- Opening Delimiter -

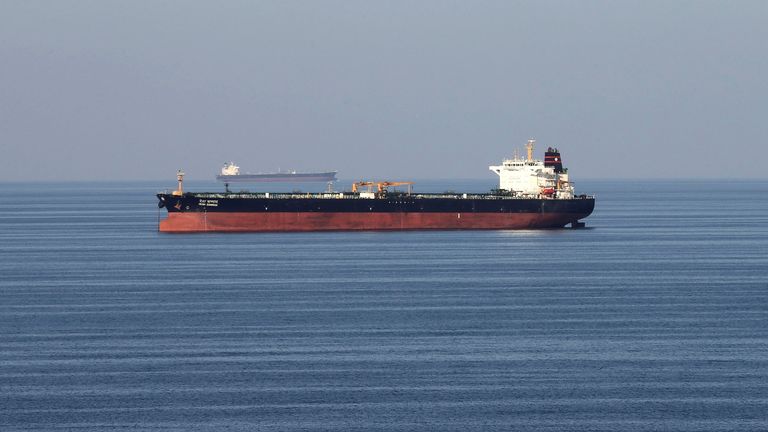 Oil tankers pass through the Strait of Hormuz. File pic: Reuters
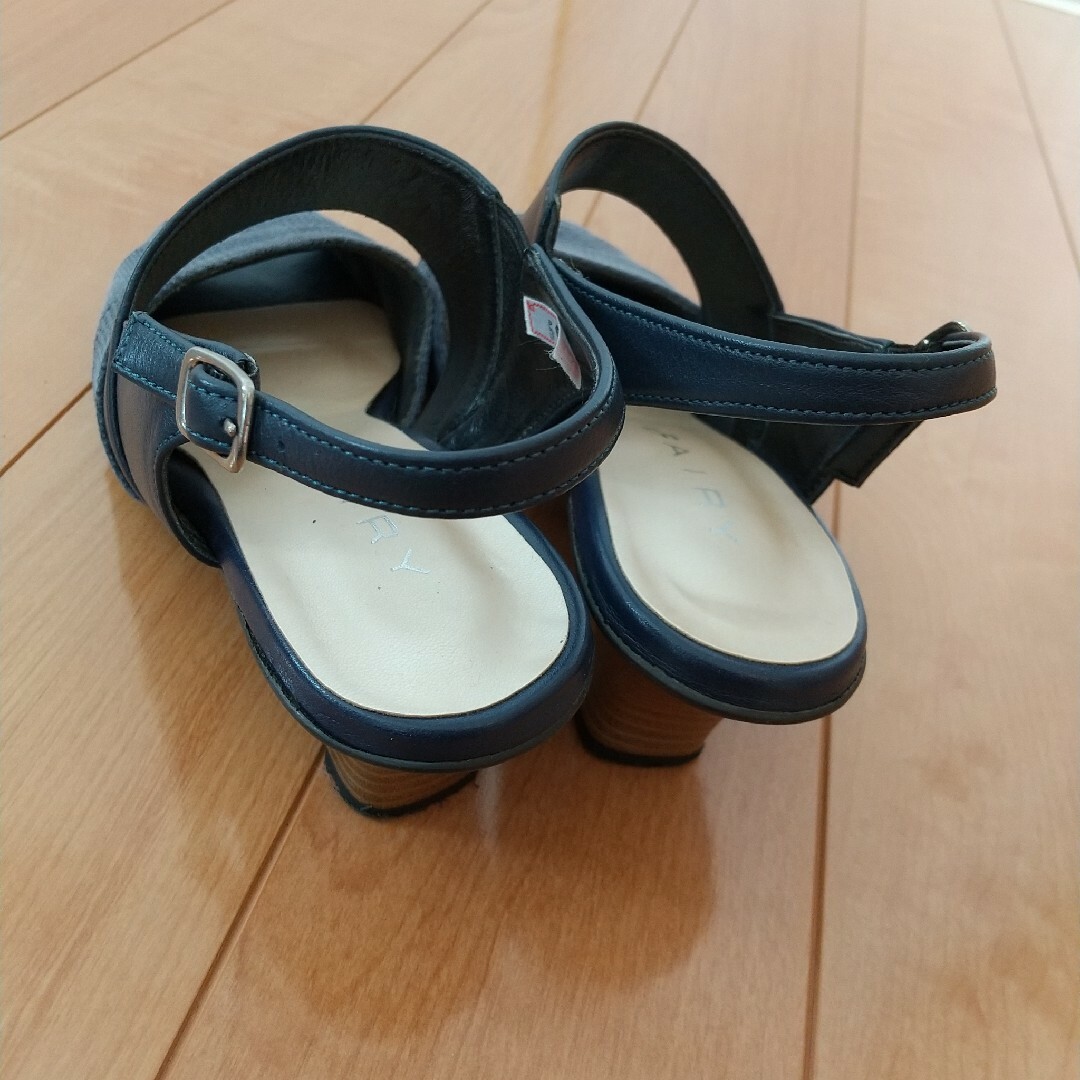 at Fairy 日本製 サンダル ミュール ネイビー レディースの靴/シューズ(サンダル)の商品写真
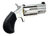 North American Arms PUGT Pug  22 WMR 5 Shot 1" Stainless Steel Barrel, Frame & Cylinder, Black Pebbled Rubber Grip, Exposed Hammer                                                                      
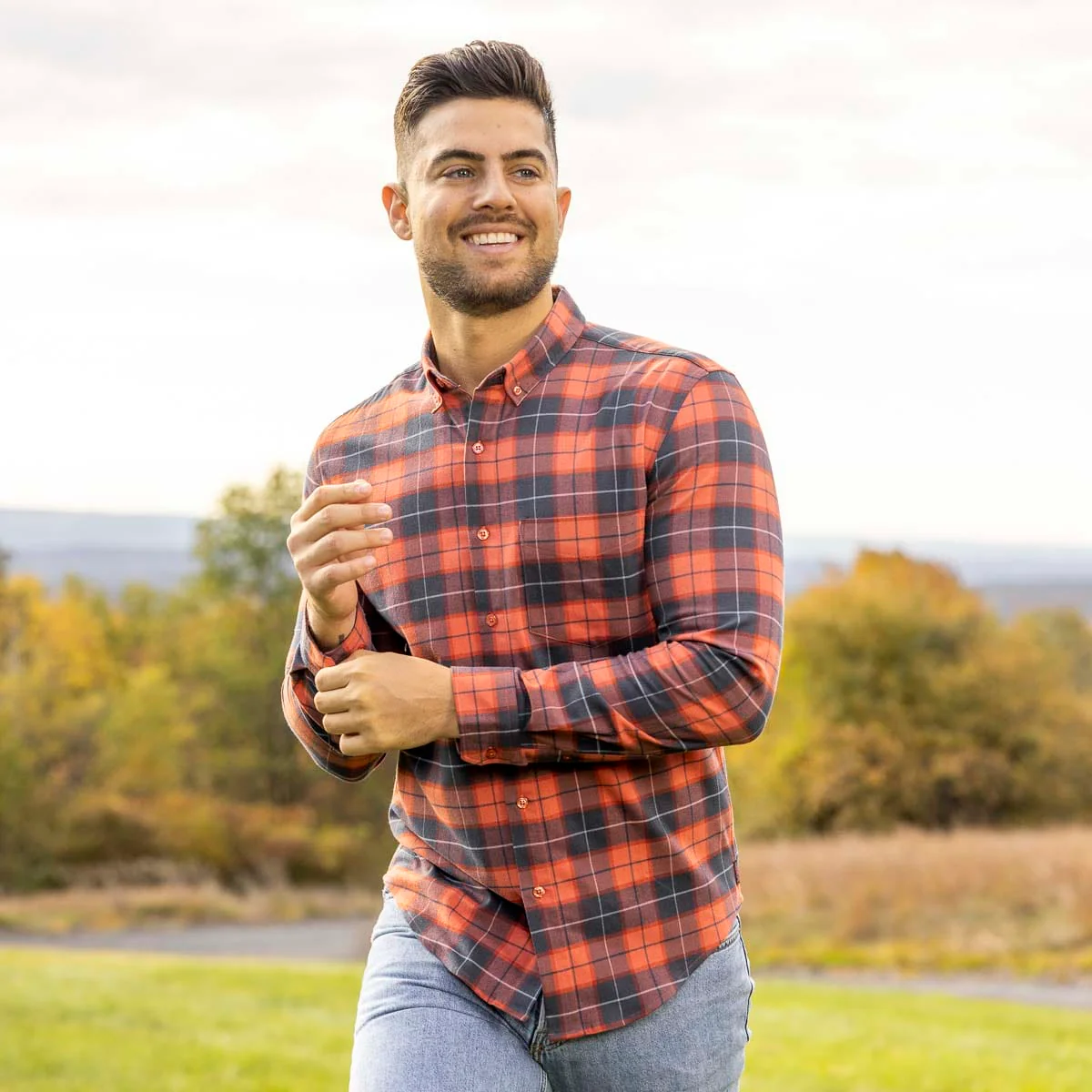 Plaid Pitt – BorlandFlex™ Long Sleeve Flannel (2024 Fit) - Image 2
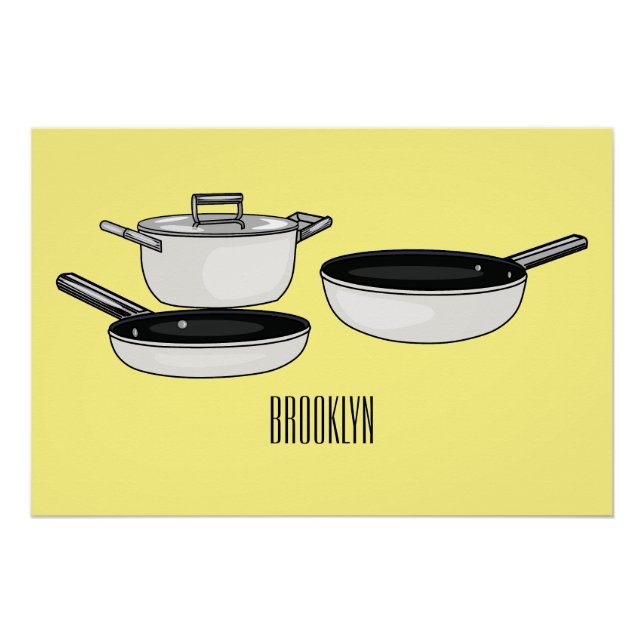 Poster Illustration des jeux de cuisine (Devant)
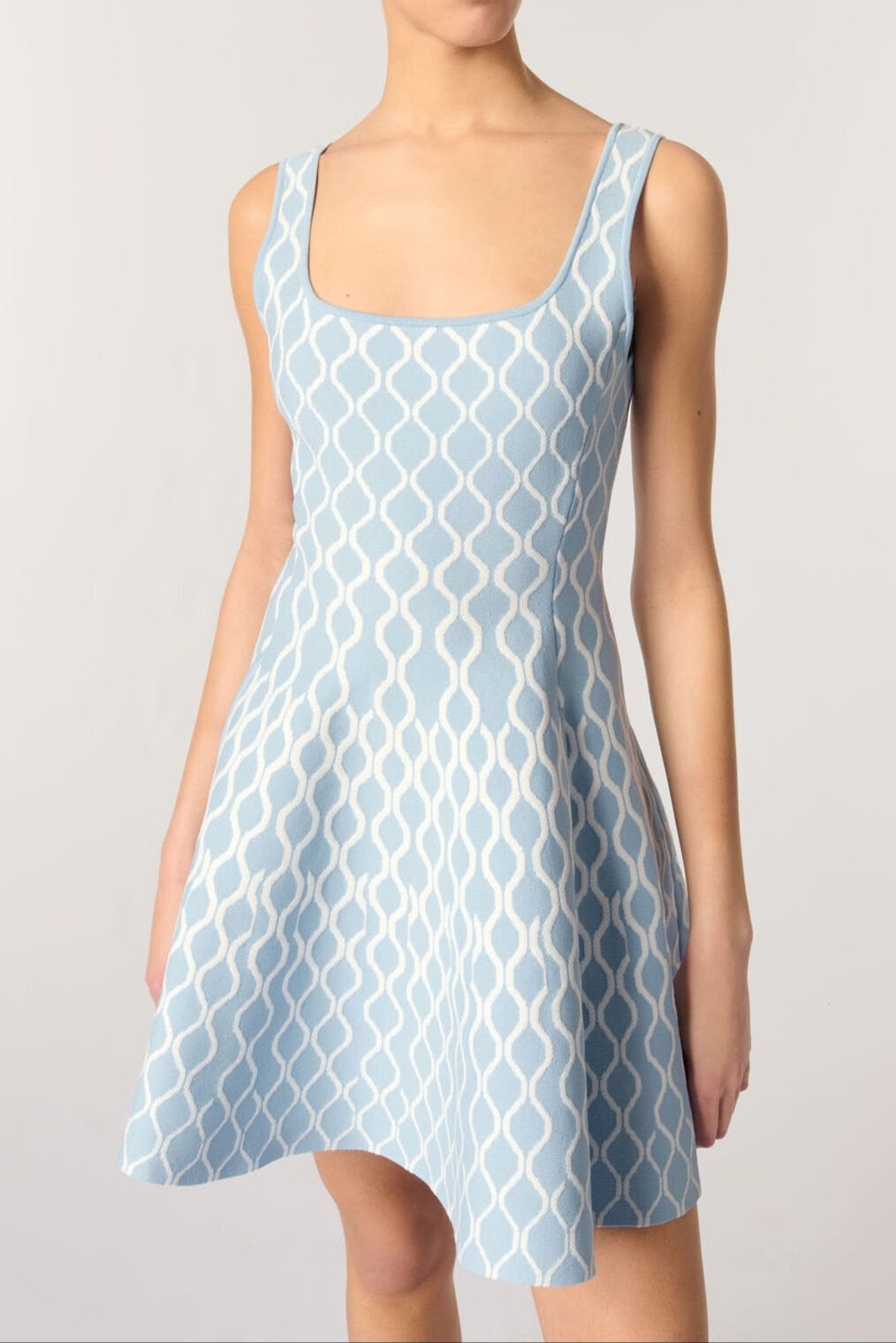 HÉLÈNE JACQUARD SLEEVELESS MINI DRESS FOR PARTIES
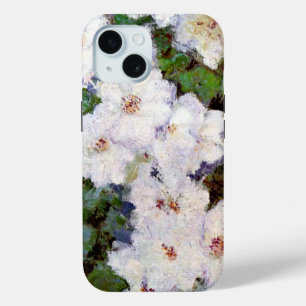 Coque Case-Mate iPhone Monet - Clematis, 1887 peinture florale populaire,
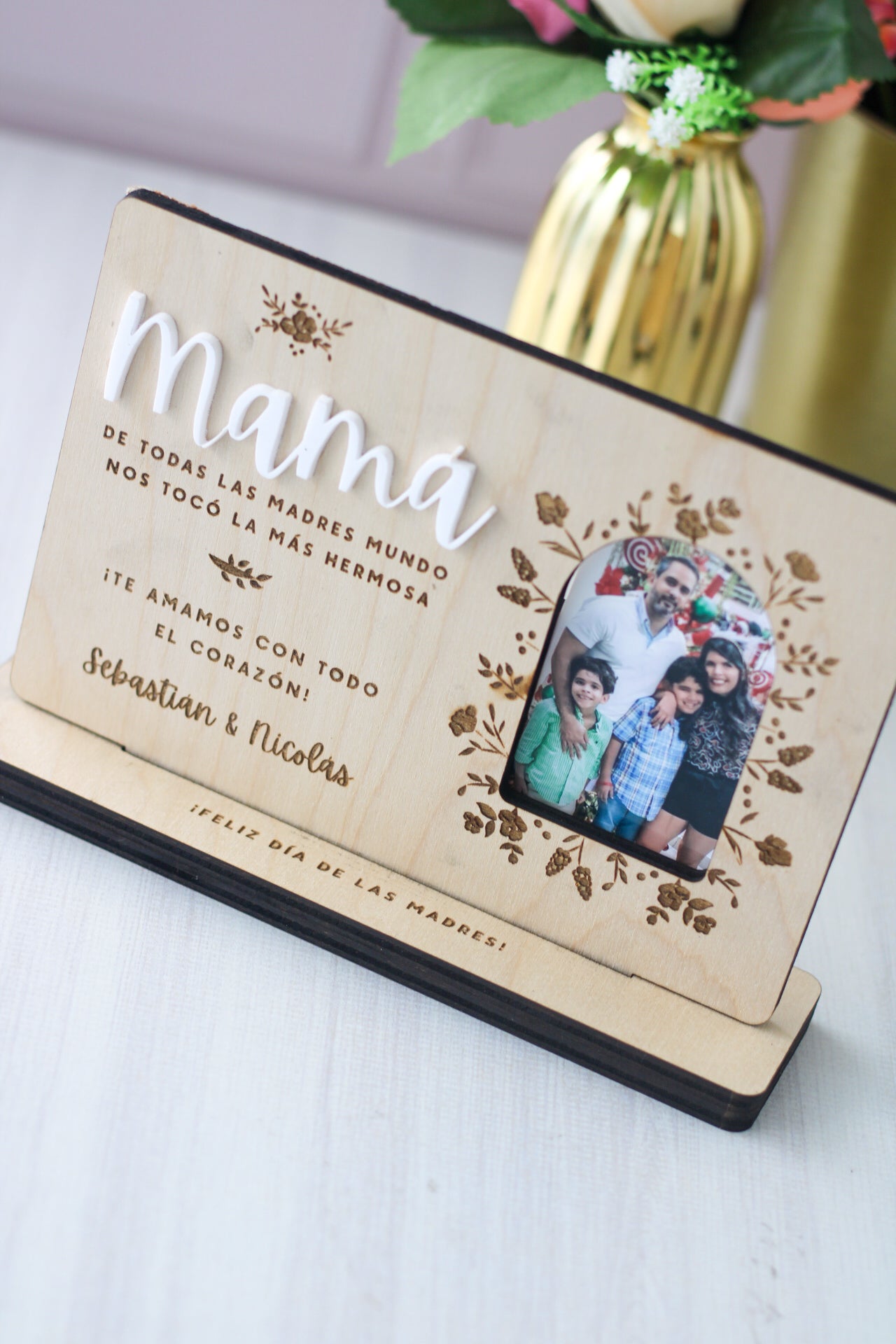 Portarretrato Mamá Florece - LL Studio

- Closing Delimiter -

Would you transcribe all of the entries above exactly, minus the images?

> **Answer below**:
 Oil tankers pass through the Strait of Hormuz. File pic: Reuters
 at Fairy 日本製 サンダル ミュール ネイビー レディースの靴/シューズ(サンダル)の商品写真
 North American Arms PUGT Pug  22 WMR 5 Shot 1" Stainless Steel Barrel, Frame & Cylinder, Black Pebbled Rubber Grip, Exposed Hammer                                                                      
 Plaid Pitt – BorlandFlex™ Long Sleeve Flannel (2024 Fit) - Image 2
 Poster Illustration des jeux de cuisine (Devant)
 HÉLÈNE JACQUARD SLEEVELESS MINI DRESS FOR PARTIES
 Coque Case-Mate iPhone Monet - Clematis, 1887 peinture florale populaire,
 Portarretrato Mamá Florece - LL Studio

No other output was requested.